Also, antimycotic topical treatment is required for the 4% of cases of external otitis that are caused by fungi. In these patients, I have achieved good results with natamycin.

Dr. Haynes: I see no reason to use an aminoglycoside-containing drop when we have a safe alternative. I don't have an alternative to gentian violet or acetic acid, and I occasionally have to use them. But I won't use an aminoglycoside-containing eardrop, because the quinolone drops are available.

Prof. Hawke: One thing you do not want to do is continue to put aminoglycoside drops into a normal middle ear. If you do, there is a strong likelihood that ototoxicity will develop sometime after 7 days.

Dr. Roland: When you prescribe any drug for otorrhea, do you instruct the patient to use it for a specific number of days, or until the drainage stops, or for a specified number of days after the resolution of drainage? Many of my partners instruct patients to take their drops until the drainage stops and then for 1 additional day.

Dr. Dohar: We tell all otorrhea patients, regardless of which drug they are taking, to take their drops for 7 days and then return for a follow-up visit. We don't rely on patients to subjectively assess otorrhea, because their evaluations don't correlate well with otoscopic documentation. Also, with ofloxacin drops, we have found that 3 or 5 days of treatment is inadequate; in fact, it's no better than placebo. A minimum of 7 days is necessary. I don't know if the duration would be different with another antibiotic or with the addition of a steroid.

Dr.
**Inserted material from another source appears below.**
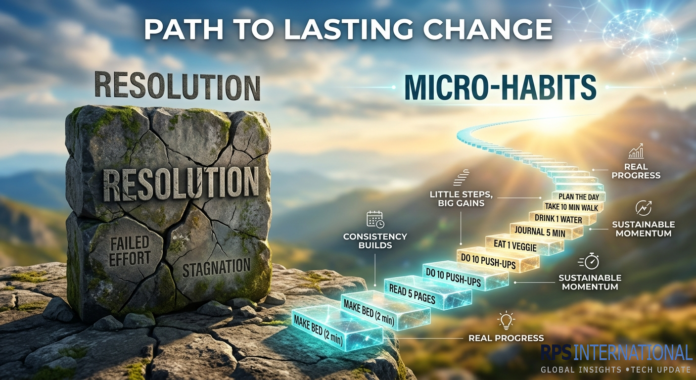 Comparative visualization of large, failing resolutions versus small, successful micro-habits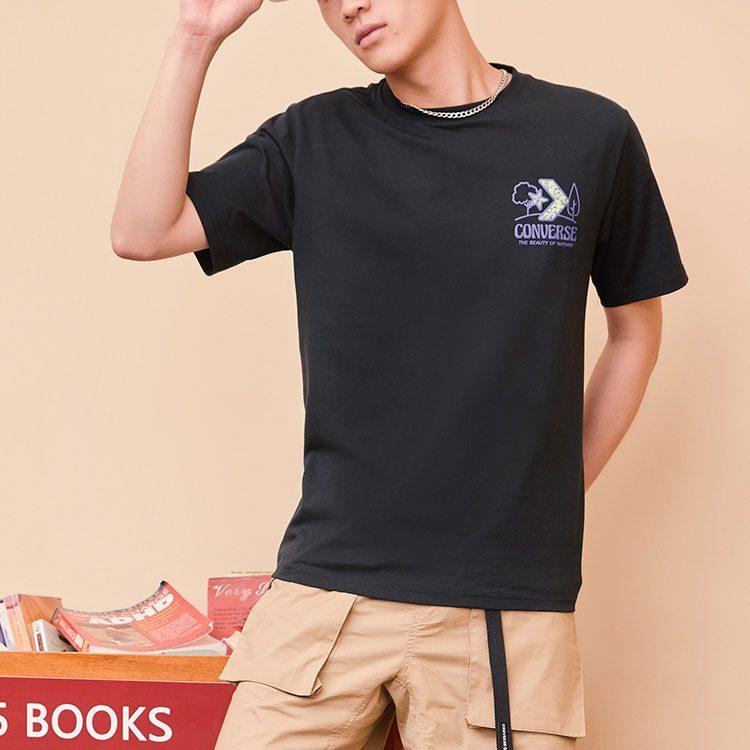 Converse Set-in Sleeve T-Shirt Men's Black 10023269-A02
Rutka: I would stop the drops shortly after the drainage resolves. I would not continue them for any longer than 48 hours.
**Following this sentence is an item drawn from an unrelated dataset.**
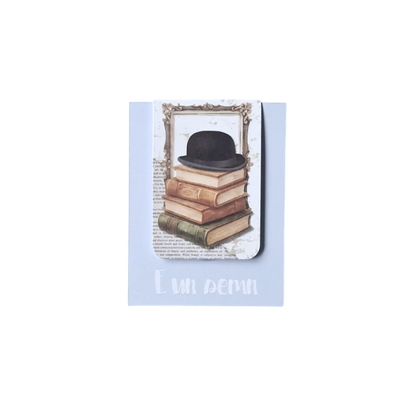 Semn de carte magnetic handmade pentru bărbați, design original cu stil clasic, accesoriu elegant pentru lectură, colecția Silentium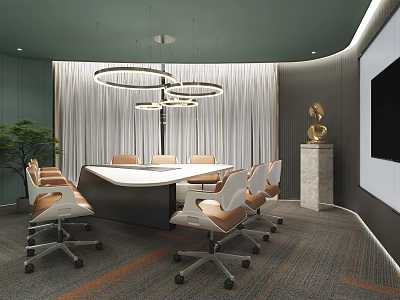Modern Conference Room Interior With Round Pendant Lights White Meeting Table And Beige Chairs 3d model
Dr. Roland: Does anyone support the use of ototoxic antibiotics just because they're inexpensive?

Dr. Rutka: In the ideal world, of course, cost would not be an issue, and safety and efficacy would reign supreme. Nevertheless, if you are considering treating a patient with a potentially ototoxic drug for longer than 1 week, 1 would strongly suggest that you reconsider and choose an alternative. Remember that if a patient does develop ototoxicity, the money you saved by prescribing a less-expensive ototoxic drug will be outweighed by the adverse effects on the patient and the consequences of possible medicolegal action.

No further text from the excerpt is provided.